100% growth in number of airports in India since 2014


The government said the industry is expected to continue to grow and adopt sustainable practices, promoting a cleaner, more efficient, and prosperous aviation industry in India…reports Asian Lite News

India’s aviation industry has experienced significant growth in the past nine years under the Prime Minister Narendra Modi-led government and the number of operational airports in the country has doubled from 74 in 2014 to 148 in 2023.

The government argues this growth can be attributed to the government’s consistent efforts to improve overall airports and aviation infrastructure.
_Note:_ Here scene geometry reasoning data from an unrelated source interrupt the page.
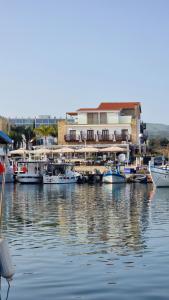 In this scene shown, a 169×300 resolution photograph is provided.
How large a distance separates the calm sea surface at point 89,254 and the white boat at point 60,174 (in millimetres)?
42867

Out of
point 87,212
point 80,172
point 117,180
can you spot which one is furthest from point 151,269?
point 80,172

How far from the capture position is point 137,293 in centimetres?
1655

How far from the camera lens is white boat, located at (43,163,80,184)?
8306cm

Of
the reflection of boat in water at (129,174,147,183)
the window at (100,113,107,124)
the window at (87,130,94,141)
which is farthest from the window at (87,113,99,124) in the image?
the reflection of boat in water at (129,174,147,183)

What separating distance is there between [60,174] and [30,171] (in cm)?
424

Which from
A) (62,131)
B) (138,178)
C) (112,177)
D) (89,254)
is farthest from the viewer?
(62,131)

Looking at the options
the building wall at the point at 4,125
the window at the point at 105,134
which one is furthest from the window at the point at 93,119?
the building wall at the point at 4,125

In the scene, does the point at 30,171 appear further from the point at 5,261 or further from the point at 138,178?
the point at 5,261

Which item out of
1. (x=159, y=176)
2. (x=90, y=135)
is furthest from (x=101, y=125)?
(x=159, y=176)

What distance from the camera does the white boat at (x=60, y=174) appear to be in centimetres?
8306

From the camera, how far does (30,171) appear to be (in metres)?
86.2

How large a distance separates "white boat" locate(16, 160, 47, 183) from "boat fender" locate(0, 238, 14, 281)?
6829 centimetres

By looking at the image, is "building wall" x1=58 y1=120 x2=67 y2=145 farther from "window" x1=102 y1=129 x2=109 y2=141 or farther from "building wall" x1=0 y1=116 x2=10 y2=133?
"building wall" x1=0 y1=116 x2=10 y2=133

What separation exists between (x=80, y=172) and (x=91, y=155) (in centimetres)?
1022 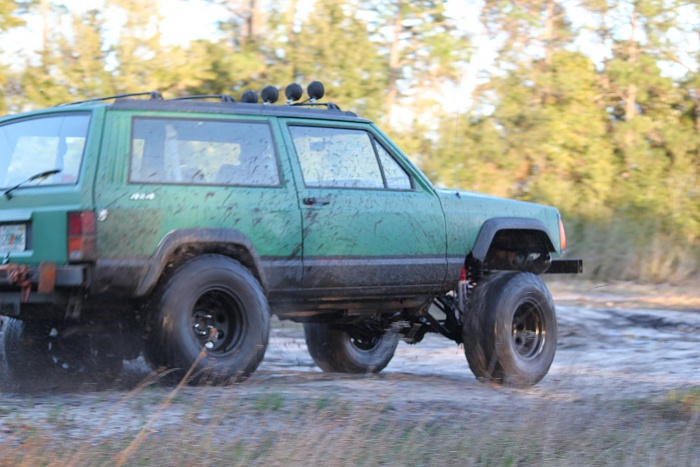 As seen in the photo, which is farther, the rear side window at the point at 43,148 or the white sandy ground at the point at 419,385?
the rear side window at the point at 43,148

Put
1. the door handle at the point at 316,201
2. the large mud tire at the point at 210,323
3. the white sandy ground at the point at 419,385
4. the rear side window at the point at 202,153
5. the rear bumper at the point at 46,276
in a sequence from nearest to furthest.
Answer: the white sandy ground at the point at 419,385 < the rear bumper at the point at 46,276 < the large mud tire at the point at 210,323 < the rear side window at the point at 202,153 < the door handle at the point at 316,201

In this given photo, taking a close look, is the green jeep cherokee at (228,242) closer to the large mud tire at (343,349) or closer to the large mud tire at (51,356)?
the large mud tire at (51,356)

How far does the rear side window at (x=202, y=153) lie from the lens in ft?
19.3

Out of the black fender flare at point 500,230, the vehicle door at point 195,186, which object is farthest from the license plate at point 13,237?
the black fender flare at point 500,230

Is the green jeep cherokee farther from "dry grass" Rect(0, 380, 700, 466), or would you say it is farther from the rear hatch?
"dry grass" Rect(0, 380, 700, 466)

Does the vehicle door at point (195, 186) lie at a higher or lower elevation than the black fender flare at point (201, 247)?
higher

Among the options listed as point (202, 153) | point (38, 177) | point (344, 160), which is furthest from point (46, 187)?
point (344, 160)

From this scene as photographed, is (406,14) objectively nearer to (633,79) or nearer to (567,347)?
(633,79)

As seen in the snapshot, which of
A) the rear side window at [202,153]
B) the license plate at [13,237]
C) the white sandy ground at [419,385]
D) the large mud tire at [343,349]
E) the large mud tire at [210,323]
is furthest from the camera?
the large mud tire at [343,349]

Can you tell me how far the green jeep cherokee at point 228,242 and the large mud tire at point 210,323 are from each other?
1cm

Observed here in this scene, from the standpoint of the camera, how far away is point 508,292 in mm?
7070

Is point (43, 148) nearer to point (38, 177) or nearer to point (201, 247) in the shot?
point (38, 177)

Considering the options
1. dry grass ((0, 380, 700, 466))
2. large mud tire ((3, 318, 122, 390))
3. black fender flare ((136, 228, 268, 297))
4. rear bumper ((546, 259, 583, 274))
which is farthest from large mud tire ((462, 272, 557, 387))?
large mud tire ((3, 318, 122, 390))

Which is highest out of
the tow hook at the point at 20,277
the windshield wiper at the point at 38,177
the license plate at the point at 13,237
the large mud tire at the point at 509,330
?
the windshield wiper at the point at 38,177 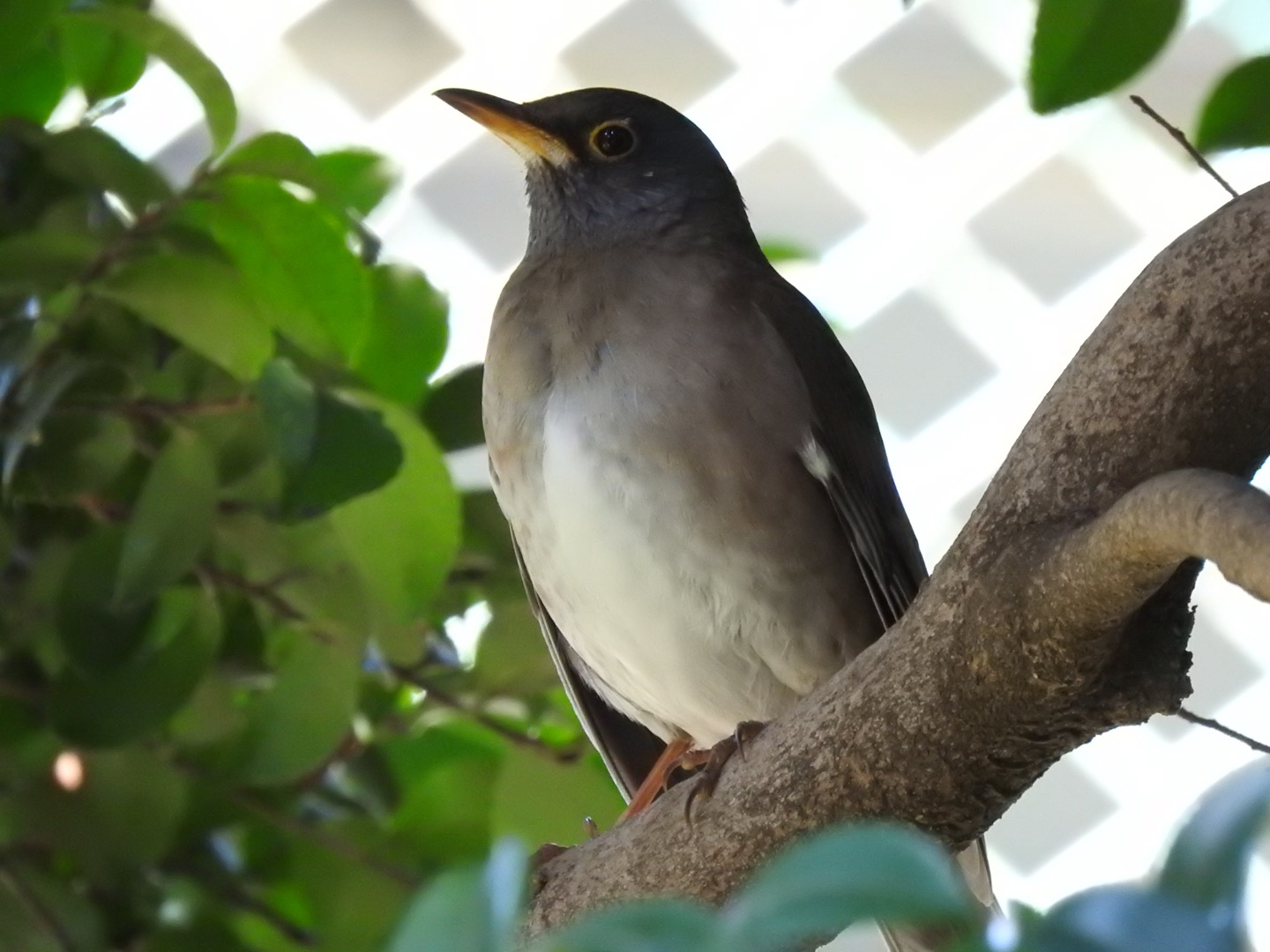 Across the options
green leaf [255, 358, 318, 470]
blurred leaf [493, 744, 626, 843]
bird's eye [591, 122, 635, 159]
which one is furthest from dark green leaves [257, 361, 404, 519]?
bird's eye [591, 122, 635, 159]

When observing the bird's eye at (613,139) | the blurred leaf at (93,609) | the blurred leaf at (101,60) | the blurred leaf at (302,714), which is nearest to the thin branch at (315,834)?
the blurred leaf at (302,714)

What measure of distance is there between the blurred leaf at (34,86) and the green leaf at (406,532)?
46 cm

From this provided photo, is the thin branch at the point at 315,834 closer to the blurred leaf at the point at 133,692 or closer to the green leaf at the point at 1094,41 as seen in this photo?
the blurred leaf at the point at 133,692

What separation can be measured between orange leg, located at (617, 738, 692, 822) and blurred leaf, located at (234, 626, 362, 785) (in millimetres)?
473

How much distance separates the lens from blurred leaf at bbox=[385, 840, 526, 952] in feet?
1.41

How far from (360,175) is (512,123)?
1.18 ft

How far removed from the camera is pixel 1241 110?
3.74 ft

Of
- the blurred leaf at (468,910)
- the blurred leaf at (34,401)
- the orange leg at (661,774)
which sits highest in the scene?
the blurred leaf at (34,401)

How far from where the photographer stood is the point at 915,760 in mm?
1176

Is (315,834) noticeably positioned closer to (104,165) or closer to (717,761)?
(717,761)

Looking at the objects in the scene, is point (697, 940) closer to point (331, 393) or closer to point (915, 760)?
point (915, 760)

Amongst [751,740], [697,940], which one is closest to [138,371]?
[751,740]

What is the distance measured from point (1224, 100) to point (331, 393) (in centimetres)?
75

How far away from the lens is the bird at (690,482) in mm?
1679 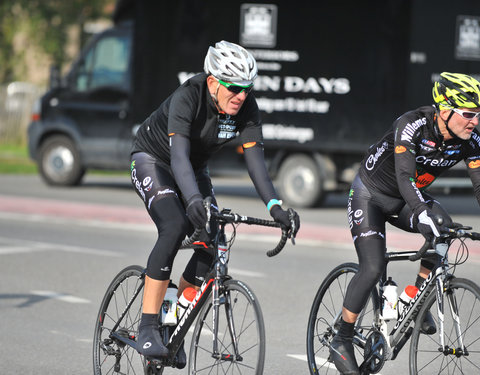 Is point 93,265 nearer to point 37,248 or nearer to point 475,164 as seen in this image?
point 37,248

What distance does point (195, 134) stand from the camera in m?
5.26

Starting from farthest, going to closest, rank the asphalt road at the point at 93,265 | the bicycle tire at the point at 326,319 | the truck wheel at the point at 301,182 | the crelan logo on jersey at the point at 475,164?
the truck wheel at the point at 301,182, the asphalt road at the point at 93,265, the bicycle tire at the point at 326,319, the crelan logo on jersey at the point at 475,164

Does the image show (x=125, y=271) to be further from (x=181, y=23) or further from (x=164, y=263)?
(x=181, y=23)

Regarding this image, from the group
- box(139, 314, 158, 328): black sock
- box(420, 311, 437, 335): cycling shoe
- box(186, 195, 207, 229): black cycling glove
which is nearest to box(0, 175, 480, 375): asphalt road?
box(139, 314, 158, 328): black sock

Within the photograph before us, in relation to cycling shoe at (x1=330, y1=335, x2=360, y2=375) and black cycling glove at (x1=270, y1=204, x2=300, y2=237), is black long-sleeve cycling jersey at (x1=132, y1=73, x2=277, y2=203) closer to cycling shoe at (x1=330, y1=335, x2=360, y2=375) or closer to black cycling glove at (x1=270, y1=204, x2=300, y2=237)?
black cycling glove at (x1=270, y1=204, x2=300, y2=237)

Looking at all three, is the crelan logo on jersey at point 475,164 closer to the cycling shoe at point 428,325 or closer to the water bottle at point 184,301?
the cycling shoe at point 428,325

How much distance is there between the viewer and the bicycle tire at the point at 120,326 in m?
5.49

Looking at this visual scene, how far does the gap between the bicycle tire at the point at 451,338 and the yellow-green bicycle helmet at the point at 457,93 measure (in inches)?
35.5

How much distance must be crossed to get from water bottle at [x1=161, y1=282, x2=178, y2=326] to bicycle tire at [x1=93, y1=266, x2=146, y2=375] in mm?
178

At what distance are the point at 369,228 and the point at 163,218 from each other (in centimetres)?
114

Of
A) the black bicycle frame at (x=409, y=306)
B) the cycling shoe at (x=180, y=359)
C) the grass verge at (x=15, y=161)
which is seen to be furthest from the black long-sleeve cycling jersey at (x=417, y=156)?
the grass verge at (x=15, y=161)

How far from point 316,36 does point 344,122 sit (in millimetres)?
1475

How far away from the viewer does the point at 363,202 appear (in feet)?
18.0

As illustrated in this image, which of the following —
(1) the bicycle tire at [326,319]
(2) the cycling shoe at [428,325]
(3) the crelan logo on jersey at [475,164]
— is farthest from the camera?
(1) the bicycle tire at [326,319]
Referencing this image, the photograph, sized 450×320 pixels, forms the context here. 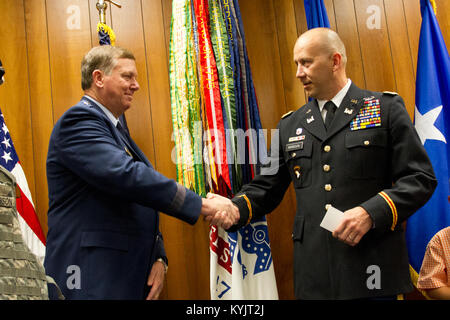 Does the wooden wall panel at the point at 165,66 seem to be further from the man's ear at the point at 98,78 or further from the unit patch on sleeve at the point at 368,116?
the unit patch on sleeve at the point at 368,116

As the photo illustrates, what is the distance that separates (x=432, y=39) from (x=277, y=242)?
1.63 metres

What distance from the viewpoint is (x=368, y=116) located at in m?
2.07

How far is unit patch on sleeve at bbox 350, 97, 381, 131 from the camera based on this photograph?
6.70ft

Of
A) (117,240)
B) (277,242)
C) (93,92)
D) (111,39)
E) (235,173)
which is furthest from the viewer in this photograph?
(277,242)

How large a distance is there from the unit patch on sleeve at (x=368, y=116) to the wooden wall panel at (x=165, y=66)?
1152mm

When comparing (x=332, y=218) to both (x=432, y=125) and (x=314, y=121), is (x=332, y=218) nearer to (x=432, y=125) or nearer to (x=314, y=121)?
(x=314, y=121)

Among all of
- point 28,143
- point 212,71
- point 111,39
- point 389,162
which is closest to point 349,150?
point 389,162

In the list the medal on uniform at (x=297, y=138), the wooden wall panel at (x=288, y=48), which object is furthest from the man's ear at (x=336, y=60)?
the wooden wall panel at (x=288, y=48)

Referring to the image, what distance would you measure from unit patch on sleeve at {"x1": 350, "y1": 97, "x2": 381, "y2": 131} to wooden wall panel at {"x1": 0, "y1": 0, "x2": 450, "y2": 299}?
3.78ft

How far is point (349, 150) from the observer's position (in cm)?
203

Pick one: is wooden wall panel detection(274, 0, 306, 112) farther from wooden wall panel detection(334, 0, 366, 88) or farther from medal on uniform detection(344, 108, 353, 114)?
medal on uniform detection(344, 108, 353, 114)

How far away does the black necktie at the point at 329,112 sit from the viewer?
2160mm

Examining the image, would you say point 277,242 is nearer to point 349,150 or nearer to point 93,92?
point 349,150

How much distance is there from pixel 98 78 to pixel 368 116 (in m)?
1.25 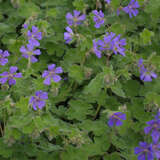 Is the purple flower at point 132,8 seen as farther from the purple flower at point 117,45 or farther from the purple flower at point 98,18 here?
the purple flower at point 117,45

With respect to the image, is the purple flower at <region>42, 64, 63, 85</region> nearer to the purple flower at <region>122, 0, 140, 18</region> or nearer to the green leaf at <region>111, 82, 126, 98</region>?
the green leaf at <region>111, 82, 126, 98</region>

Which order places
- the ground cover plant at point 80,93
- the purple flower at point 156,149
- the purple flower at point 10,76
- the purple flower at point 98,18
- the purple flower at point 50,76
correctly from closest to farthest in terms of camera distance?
the purple flower at point 156,149
the ground cover plant at point 80,93
the purple flower at point 50,76
the purple flower at point 10,76
the purple flower at point 98,18

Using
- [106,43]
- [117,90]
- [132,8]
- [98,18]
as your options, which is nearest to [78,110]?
[117,90]

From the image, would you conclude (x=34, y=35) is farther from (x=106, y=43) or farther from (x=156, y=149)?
(x=156, y=149)

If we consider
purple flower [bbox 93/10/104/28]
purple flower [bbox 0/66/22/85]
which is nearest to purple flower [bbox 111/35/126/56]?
purple flower [bbox 93/10/104/28]

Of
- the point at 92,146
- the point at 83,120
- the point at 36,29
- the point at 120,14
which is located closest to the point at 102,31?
the point at 120,14

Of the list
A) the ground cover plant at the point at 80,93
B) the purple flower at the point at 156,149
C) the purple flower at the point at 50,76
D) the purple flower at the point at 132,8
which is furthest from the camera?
the purple flower at the point at 132,8

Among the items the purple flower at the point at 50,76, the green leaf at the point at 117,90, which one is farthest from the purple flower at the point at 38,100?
the green leaf at the point at 117,90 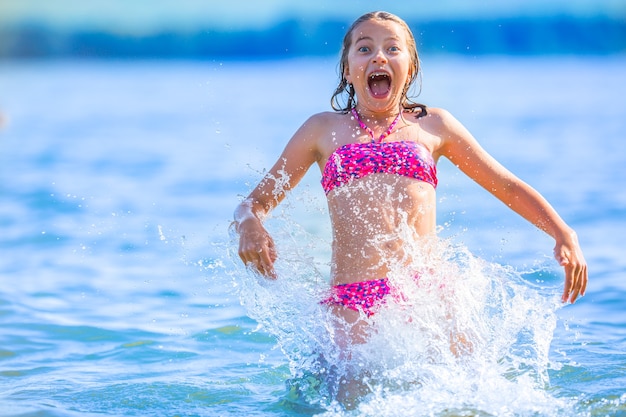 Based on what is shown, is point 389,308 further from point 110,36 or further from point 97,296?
point 110,36

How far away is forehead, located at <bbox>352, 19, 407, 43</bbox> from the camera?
12.3 ft

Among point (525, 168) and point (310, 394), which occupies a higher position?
point (525, 168)

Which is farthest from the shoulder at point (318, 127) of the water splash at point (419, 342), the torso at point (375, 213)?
the water splash at point (419, 342)

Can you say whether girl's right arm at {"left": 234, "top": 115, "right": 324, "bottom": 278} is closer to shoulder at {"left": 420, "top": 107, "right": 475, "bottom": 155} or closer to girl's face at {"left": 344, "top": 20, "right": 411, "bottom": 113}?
girl's face at {"left": 344, "top": 20, "right": 411, "bottom": 113}

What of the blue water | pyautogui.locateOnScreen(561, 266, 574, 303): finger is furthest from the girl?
the blue water

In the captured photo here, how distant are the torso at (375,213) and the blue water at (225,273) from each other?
0.25 metres

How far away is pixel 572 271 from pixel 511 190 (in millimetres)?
452

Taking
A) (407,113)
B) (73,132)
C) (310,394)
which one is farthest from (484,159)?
(73,132)

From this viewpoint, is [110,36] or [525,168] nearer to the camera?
[525,168]

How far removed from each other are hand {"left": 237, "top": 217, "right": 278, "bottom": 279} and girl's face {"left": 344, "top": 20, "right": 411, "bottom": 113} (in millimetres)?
718

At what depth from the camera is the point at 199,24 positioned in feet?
89.2

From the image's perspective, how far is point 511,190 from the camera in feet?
12.2

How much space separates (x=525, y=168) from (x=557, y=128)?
3.07m

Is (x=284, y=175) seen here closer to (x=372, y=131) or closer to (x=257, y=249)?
(x=372, y=131) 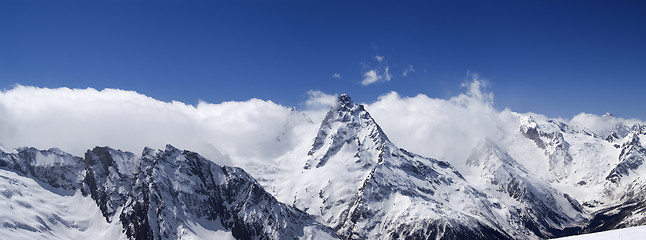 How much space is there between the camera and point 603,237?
238ft

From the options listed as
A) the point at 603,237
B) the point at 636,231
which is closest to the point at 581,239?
the point at 603,237

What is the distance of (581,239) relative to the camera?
7281 centimetres

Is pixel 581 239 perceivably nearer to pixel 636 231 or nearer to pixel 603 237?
pixel 603 237

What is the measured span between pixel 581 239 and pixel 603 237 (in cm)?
308

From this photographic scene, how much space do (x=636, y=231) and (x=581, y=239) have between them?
764cm

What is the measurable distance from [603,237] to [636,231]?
4.58 meters

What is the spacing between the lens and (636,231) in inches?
2842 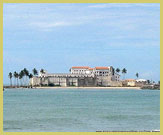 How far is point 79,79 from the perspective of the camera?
12206cm

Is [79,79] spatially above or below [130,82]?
above

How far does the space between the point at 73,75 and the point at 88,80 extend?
4248 mm

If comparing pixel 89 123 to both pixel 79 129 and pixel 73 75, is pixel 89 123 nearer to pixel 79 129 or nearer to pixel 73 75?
pixel 79 129

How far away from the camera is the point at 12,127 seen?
72.9 feet

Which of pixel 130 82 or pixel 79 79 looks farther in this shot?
pixel 130 82

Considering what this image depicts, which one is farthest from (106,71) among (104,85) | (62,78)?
(62,78)

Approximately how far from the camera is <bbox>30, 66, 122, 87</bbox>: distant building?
122 m

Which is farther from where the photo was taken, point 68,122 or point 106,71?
point 106,71

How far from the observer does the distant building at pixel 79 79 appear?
402ft

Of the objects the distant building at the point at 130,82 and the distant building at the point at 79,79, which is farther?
the distant building at the point at 130,82

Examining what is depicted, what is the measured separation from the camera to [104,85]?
12469 centimetres

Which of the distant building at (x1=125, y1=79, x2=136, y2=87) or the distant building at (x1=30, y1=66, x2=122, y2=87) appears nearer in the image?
the distant building at (x1=30, y1=66, x2=122, y2=87)

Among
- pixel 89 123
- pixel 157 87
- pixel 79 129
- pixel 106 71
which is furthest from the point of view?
pixel 106 71

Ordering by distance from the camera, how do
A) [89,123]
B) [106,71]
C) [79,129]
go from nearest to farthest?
[79,129]
[89,123]
[106,71] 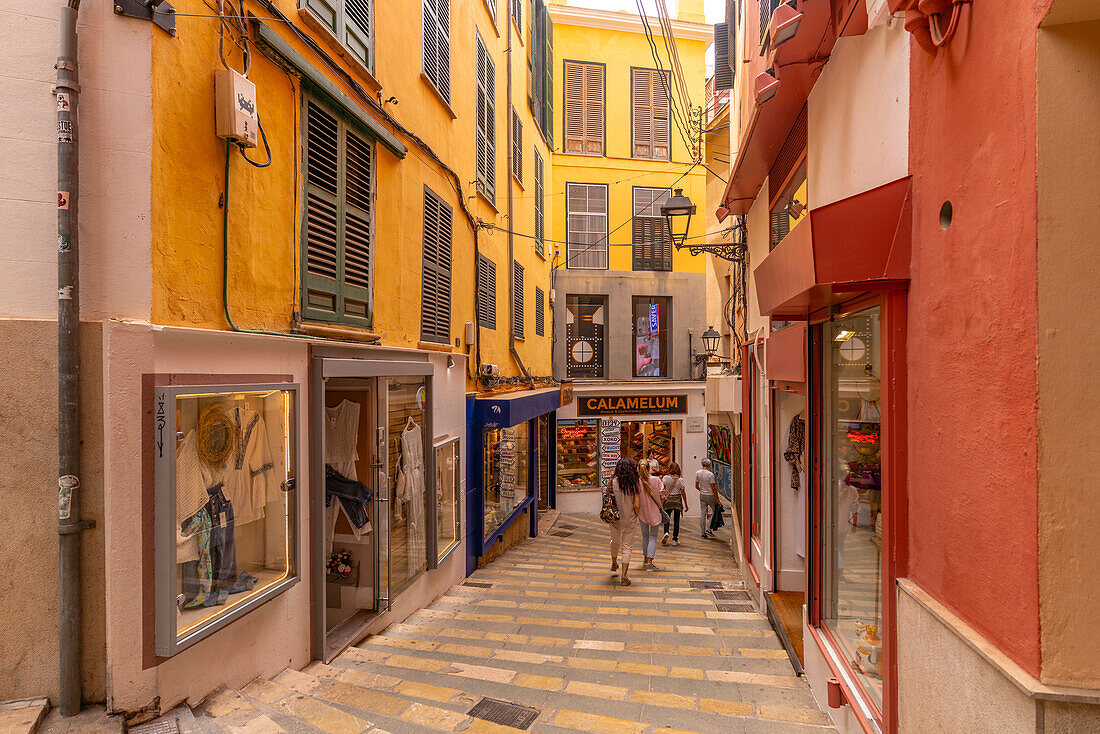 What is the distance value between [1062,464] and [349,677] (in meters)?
4.51

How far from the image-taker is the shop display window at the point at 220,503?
331 cm

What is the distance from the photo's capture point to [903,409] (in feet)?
10.1

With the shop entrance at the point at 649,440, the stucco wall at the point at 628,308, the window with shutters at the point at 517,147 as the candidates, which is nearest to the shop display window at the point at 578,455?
the shop entrance at the point at 649,440

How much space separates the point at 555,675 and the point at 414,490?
9.53 ft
One such initiative is the Regional Connectivity Scheme – Ude Desh ka Aam Nagrik (RCS-UDAN), under which 469 routes connecting 74 airports have been made operational, providing affordable air travel options for millions of Indians.

The UDAN scheme has recently completed five years.

The scheme was initiated in October 2016 with the objective of fulfilling the aspirations of the common citizen, with an enhanced aviation infrastructure and air connectivity in tier II and tier III cities.

The government has approved the ‘Revival of unserved and under-served airports’ scheme for the revival and development of 100 unserved and under-served airports, helipads and water aerodromes by 2024. It is an ongoing scheme where bidding rounds are conducted occasionally to cover more destinations or stations and routes.

Additionally, the increase in airports has been accompanied by continuous efforts towards sustainability, according to the government.

The Airports Authority of India (AAI) has developed a roadmap to achieve 100 per cent renewable energy for all its remaining operational airports by 2024, demonstrating a commitment to sustainable practices.

The government said the industry is expected to continue to grow and adopt sustainable practices, promoting a cleaner, more efficient, and prosperous aviation industry in India.

The expansion could cost more than $60 billion, with the private sector expected to foot most of the bill. To lure investment, the government hopes to implement policies to ensure that private investors can recover their money and earn solid returns.

“Ultimately, India should have 150 to 200 airports … [in] the next 15 to 20 years,” Jayant Sinha, India’s state minister of civil aviation, said.

“In the next 12 months, we will have over 131 active airports,” Sinha said, a number that includes airports already under construction.

A soon-to-open facility in the state of Sikkim offers an example of how connectivity stands to improve. The state, which shares borders with China, Nepal and Bhutan, has never had an airport. Travelers to the capital of Gangtok had to endure a bumpy, four-hour-plus ride from the nearest airport in Bagdogra, in neighboring West Bengal.

Now, the newly constructed Pakyong airport, near Gangtok, is scheduled to open in June. This will connect the airport in Kolkata, West Bengal’s capital, with 70-minute flights.

According to the Ministry of Civil Aviation, the number of domestic and international passengers totaled more than 139 million in 2017, a 17% increase over 2016. The number of domestic passengers, who account for more than 80% of the total, has seen double-digit growth for the 42nd consecutive month, dating back to September 2014.

“India posted the fastest domestic passenger growth in 2017 for the third year in a row, followed by China and Russia,” said the International Air Transport Association.

The surge in passengers is largely attributable to heated competition among airlines, which has brought down fares.

In mid-2014, only seven airlines were flying domestically. By mid-2016, the number was up to 12. The Ministry of Civil Aviation said the average airfare fell 18% in 2016, from the year before.

It still costs considerably more to fly than to travel by train. The cheapest one-way air ticket from Delhi to Ahmedabad costs about 3,000 rupees ($46), while a basic train fare is just 475 rupees. But Prime Minister Narendra Modi’s government is looking to narrow the gap under a policy launched last year. The idea is to offer government subsidies and cap fares at 2,500 rupees for hourlong flights connecting with rural towns.

The current pace of passenger growth in India is likely to continue, according to Sinha, who said, “Over the next 15 to 20 years, the U.S., China and India will each handle more than 1 billion passengers.”

Sinha stressed the need for more airports in the country of 1.3 billion people. “Ninety percent of Indians should be within 100km of an airport,” he said.

The target of 150 to 200 airports is thought to include small airports, formerly excluded from past counts.

“We are designing ‘no frills’ airports [that can be constructed] at very low cost … airports that handle three to five flights a day,” he said.

Total investment may reach “4 trillion rupees ($61 billion),” according to Sinha. This is 60 times more than the ministry’s fiscal 2018 budget.